The End of a Chancellorship
The Great Stature of “World Class” Politician Helmut Kohl Concealed the Weaknesses of the Union for too Long – Party Life Was Slowly Paralyzed
Some CDU party members sensed and feared the end of the chancellorship; others clearly saw it coming. But hardly anyone talked about it openly before election night. They bravely repressed their fears, shouting “Do it again, Helmut,” and trusted the myth of his invincibility.
Didn’t Helmut Kohl manage, time and again, to catch up with his political opponent in a furious final sprint and pass him at the finish line? Didn’t the “battle elephant” triumph over his respective SPD challenger on every Bundestag election night since 1983? And didn’t he put the timid and disheartened in his own party to shame? That’s how it was up to now. But even the longest success story in history has to end someday.
For a long time, far too long, the great stature of the “world class” politician concealed the weaknesses of the Union. Because Kohl secured power for himself and for them, many Christian Democrats ignored the creeping paralysis of party life. Because he embodied the majority sentiment of the people more than any other German politician, party committees failed to engage in internal discourse about the party’s profile and platform.
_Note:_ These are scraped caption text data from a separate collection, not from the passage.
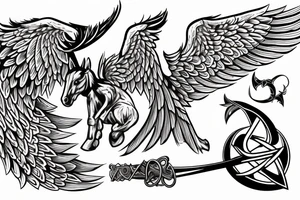 Horse rearing with phoenix wings, an hourglass with the viking rune "inguz" inside tattoo idea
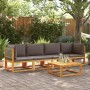 Conjunto de sofá de jardín de 4 piezas con cojines de madera de acacia y ratán en Conjuntos de jardín | Comprar online en Foru.e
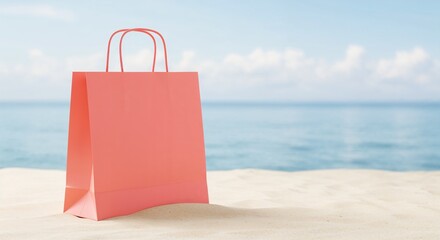 Coral pink shopping bag mockup placed on sandy beach with ocean view background and bright sky, ideal for branding with copy space
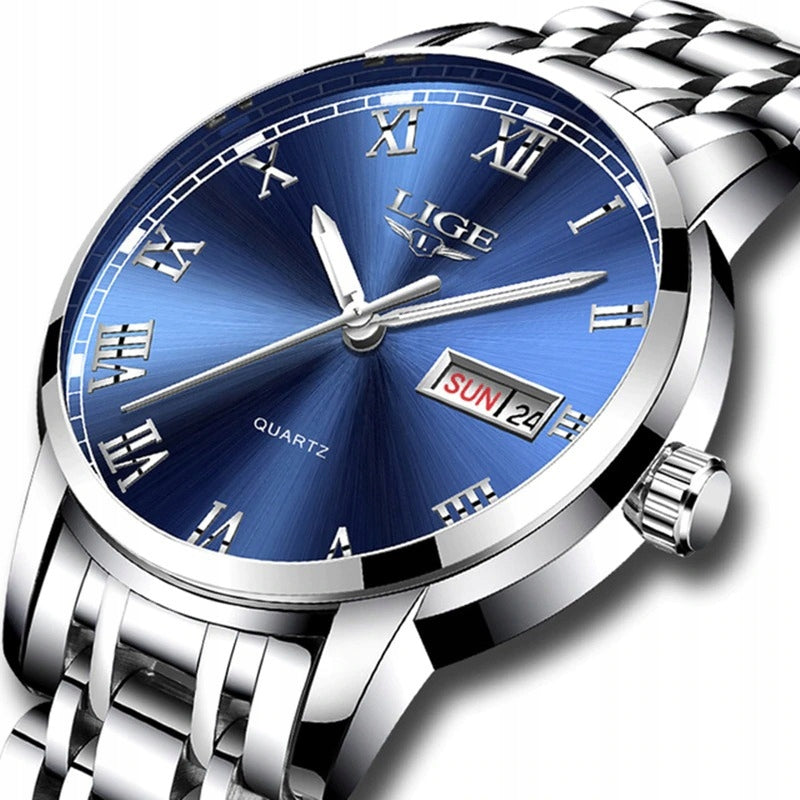 MEN'S WATCH LIGE CLASSIC ELEGANT STEEL DATE 3 COLORS + BOX Case color silver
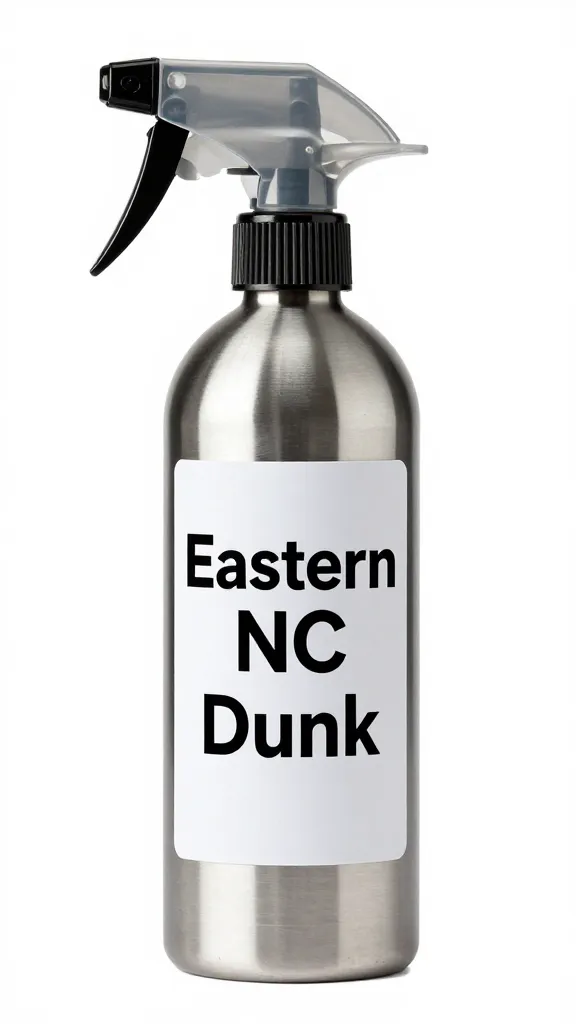 stainless spray bottle labeled “Eastern NC Dunk,” isolated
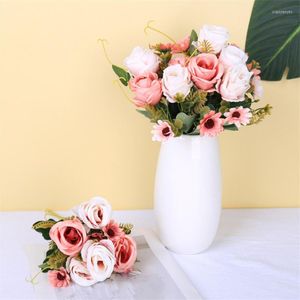 Flores decorativas estilo europeu 5 cabeças 32cm seda vermelha rosas artificiais flor casamento decoração de casa alta qualidade grande buquê falso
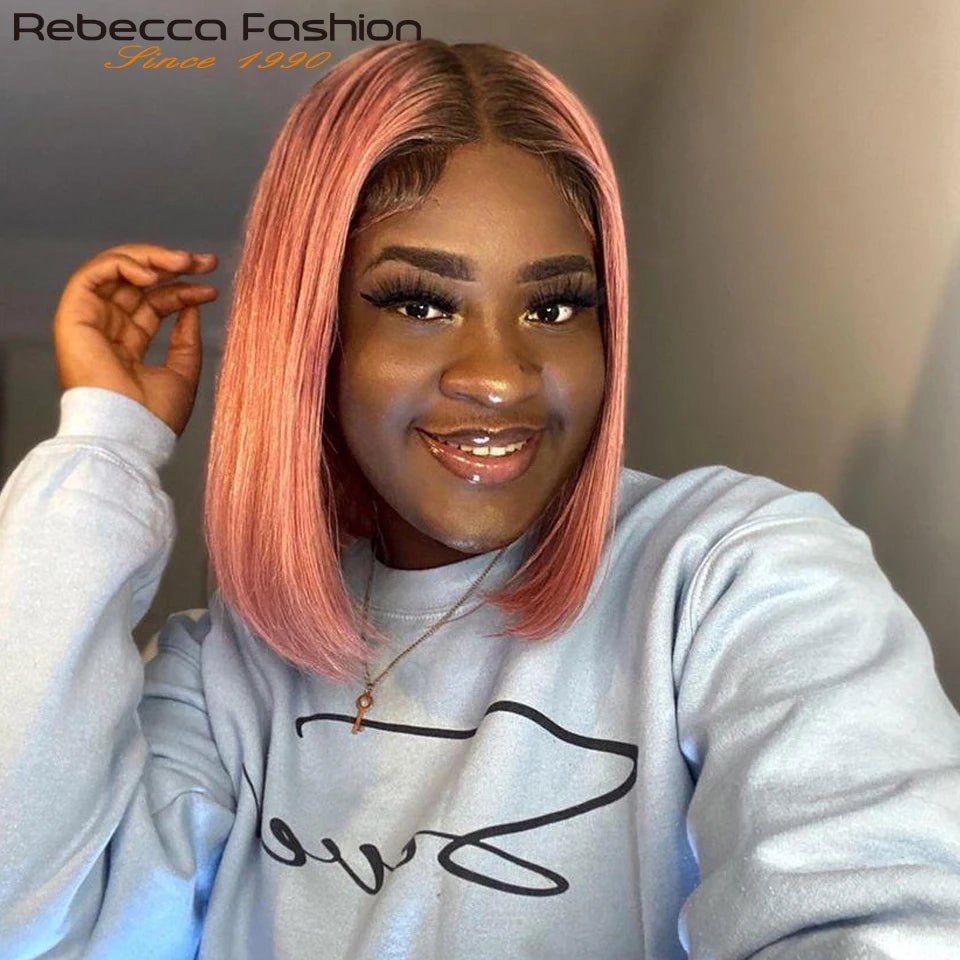 Short Cut Colored Pink Bob T Part Lace Wigs Human Hair 180D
And because he managed to hold the mainstream Christian party, with all its factions and special-interest groups, together during his twenty-five years as party chair, the party’s rank and file wasn’t bothered that Kohl forced critical voices to the margins and declared calmness to be the noblest Christian Democratic duty.
When Kohl, then minister president of Rhineland-Palatinate, entered CDU headquarters in Bonn in 1973 as the new man of the house, the party was in a similar state. Under the regency of Konrad Adenauer, it had become the “chancellor election association,” a loose association of interest groups held together by the aspiration to stay in power. The successors to the “Old Man”*, Ludwig Erhard, Kurt Georg Kiesinger, and Rainer Barzel, hadn’t done much to change that. It was Helmut Kohl, the “black giant” from Mainz, as he was called at the time, who finally recognized the weaknesses and set out to liberate the club of staid dignitaries from its incrustations and transform it into a modern mainstream party.
Kohl, the man from the provinces, embodied a new type of party leader. Pragmatic, flexible, and open to reform. He surrounded himself with smart and strong-willed people, such as Kurt Biedenkopf, Heiner Geißler, and Peter Radunski, and together they turned the dusty old Adenauer House** inside out and made the CDU into a motivated, effective party.
The renewal did not confine itself to the organization alone. With his alert sense for social change, Kohl set out to tidy up the Union, programmatically speaking, and to open it up to new currents. The party congresses of the 1970s were filled with controversial, lively, and creative discussion. They debated co-determination and land reform, corporate law and the “new social question.” Spurred on by pioneer Heiner Geißler, the CDU used the “new social question” to address socially marginalized groups more directly.
Weight started shifting once the party took control of the government in1982. Safeguarding power became more important to the party than adaptability. Uncomfortable personalities gradually disappeared from the scene. The Konrad Adenauer House’s reputation as an independent intellectual center declined continuously to the benefit of the chancellor’s office. And soon enough the CDU executive committees also saw themselves more as a cheering squad than as a critical corrective to the federal government.
* Konrad Adenauer became the first postwar chancellor at the age of 73; when he resigned in 1963, he was 87 years old. Thus, his nickname “Der Alte” [“The Old Man”] – eds.
** Reference to CDU party headquarters – eds.